- Kimberley
- Coordinates: 41°24′00″S 146°29′35″E﻿ / ﻿41.400°S 146.493°E
- Country: Australia
- State: Tasmania
- Region: Launceston, North-west and west
- LGA: Meander Valley, Kentish;
- Location: 39 km (24 mi) NW of Westbury;

Government
- • State electorate: Lyons;
- • Federal division: Lyons;

Population
- • Total: 149 (2016)
- Postcode: 7304
Suburbs around Kimberley
| Stoodley | Sunnyside | Elizabeth Town |
| Lower Beulah | Kimberley | Moltema, Elizabeth Town |
| Lower Beulah | Weegena, Lower Beulah | Moltema |

= Kimberley, Tasmania =

Kimberley is a rural locality and town in the local government areas of Meander Valley and Kentish in the Launceston and North-west and west regions of Tasmania. The locality is about 39 km north-west of the town of Westbury. The 2016 census recorded a population of 149 for the state suburb of Kimberley.
It is about midway between the towns of Sheffield and Deloraine. Once a thriving village with a school, railway station, shops and two churches, it is now mostly a residential area.

There are clear springs running all year in the area. The White Rock Vineyard is close to the township. There is also an olive grove. The area is known for its dairy farms, beef breeding and fattening, prime lamb production, some cropping and irrigation.

==History==
Kimberley was gazetted as a locality in 1965.

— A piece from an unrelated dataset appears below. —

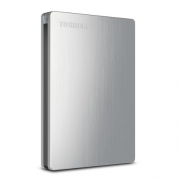 Toshiba Canvio Slim II 500GB Portable External Hard Drive for Mac (HDTD205XSMDA)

The local Anglican church, St Michael and All Angels Anglican Church, is no longer operating and is now a residence.

==Geography==
The Mersey River forms part of the southern boundary, flows through from south to north, and then forms part of the northern boundary.
One of the attractions of the area is the Kimberley Warm Springs.

Kimberley is the site of the Dasher River Conservation Area.

==Road infrastructure==
Route B13 (Railton Road) runs through from north-east to north. Route C156 (Bridle Track Road) enters from the north and runs south-west until it exits. Route C160 (Weegena Road) starts at an intersection with B13 in the town and runs south until it exits.

==Notable people==
Former Papua New Guinean politician Barry Holloway was born and buried at Kimberley.